(Given data begins)

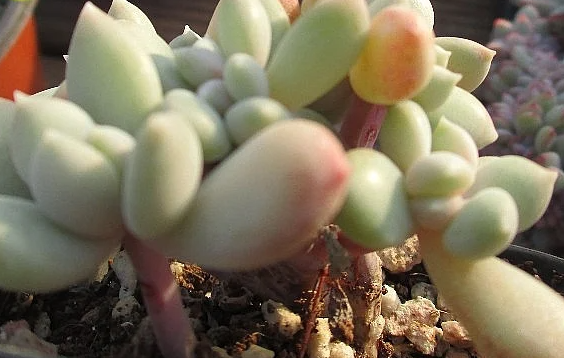 Echeveria Snow Queen 10 Pieces Seeds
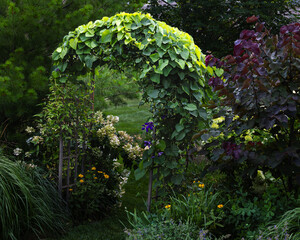 Goth Secret Garden:  Dutchman's pipevine with its' heart shaped leaves totally covers the arbor in this backyard creating mystery and mystique lending a very romantic yet mysterious feel. 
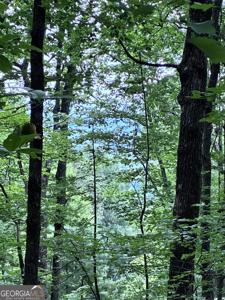 829 Morton Drive, Ellijay GA 30540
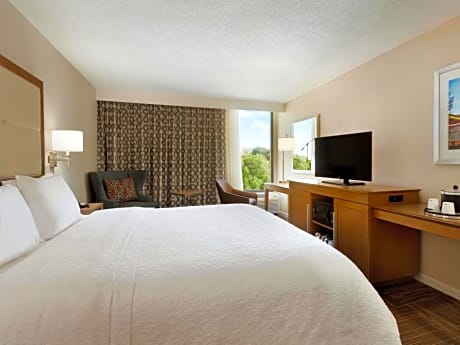Deluxe King Bed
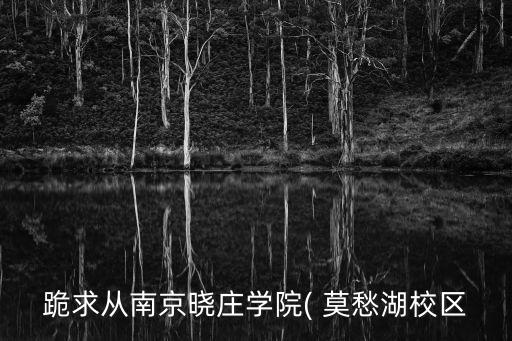 跪求从南京晓庄学院( 莫愁湖校区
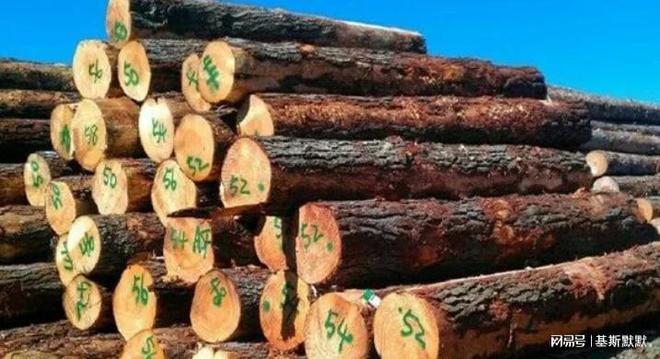 中美俄木材储量比拼：俄850亿立方米美国387亿立方中国呢？(图3)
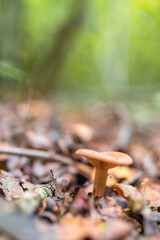 Champignons dans la forêt en automne — nature sauvage et couleurs de saison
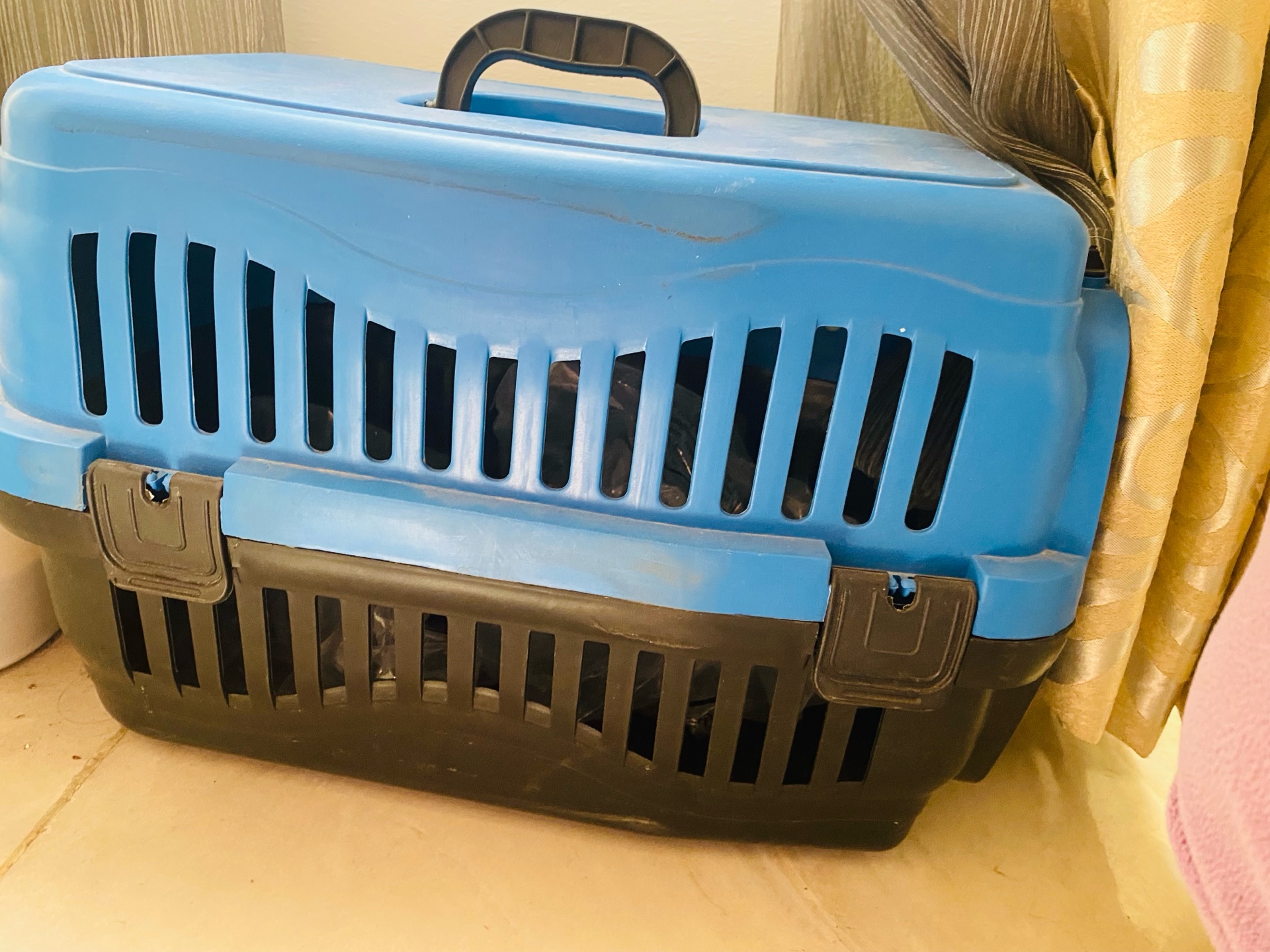 Kitten travel carrier - Image 2
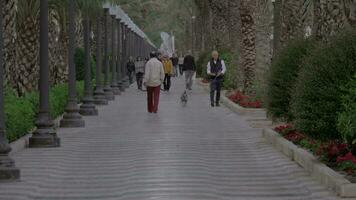 People walking on pedestrian avenue in Alicante, Spain video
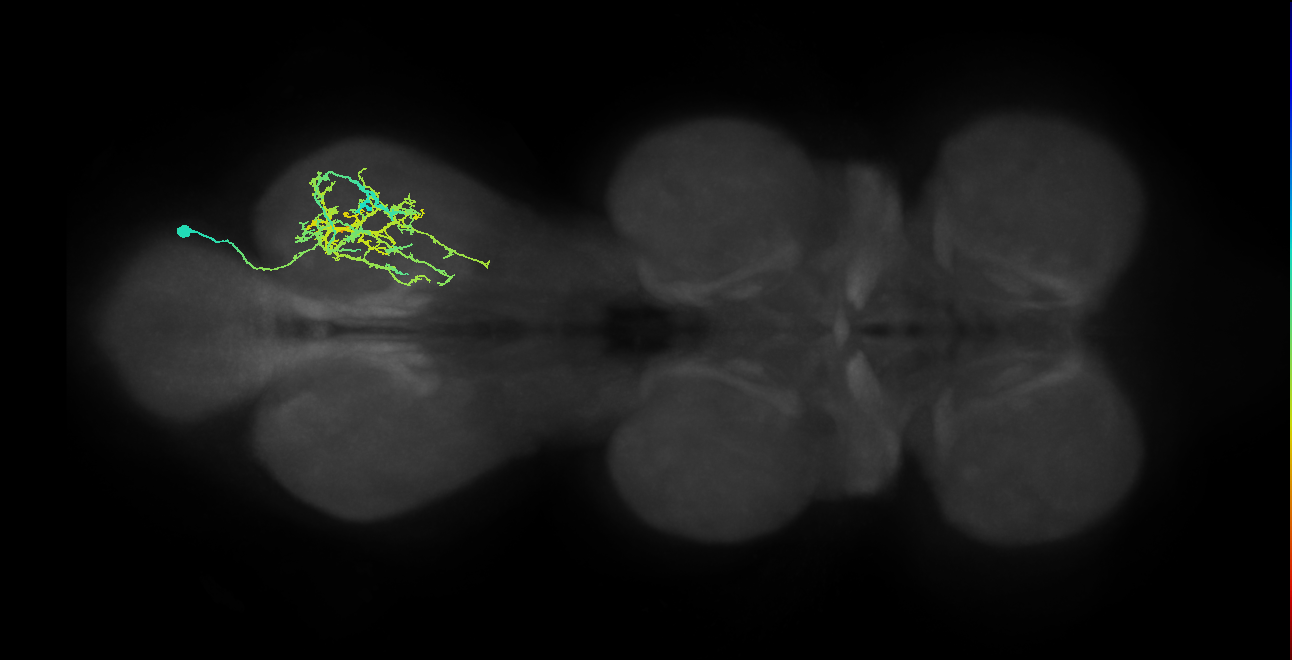 IN20A.22A014_T3_R (MANC:19043)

(Given data ends)

Problem description: Return each line of the material exactly as written; exclude the pictures.

Response for this exercise:
 Echeveria Snow Queen 10 Pieces Seeds
 Goth Secret Garden:  Dutchman's pipevine with its' heart shaped leaves totally covers the arbor in this backyard creating mystery and mystique lending a very romantic yet mysterious feel. 
 829 Morton Drive, Ellijay GA 30540
Deluxe King Bed
 跪求从南京晓庄学院( 莫愁湖校区
 中美俄木材储量比拼：俄850亿立方米美国387亿立方中国呢？(图3)
 Champignons dans la forêt en automne — nature sauvage et couleurs de saison
 Kitten travel carrier - Image 2
 People walking on pedestrian avenue in Alicante, Spain video
 IN20A.22A014_T3_R (MANC:19043)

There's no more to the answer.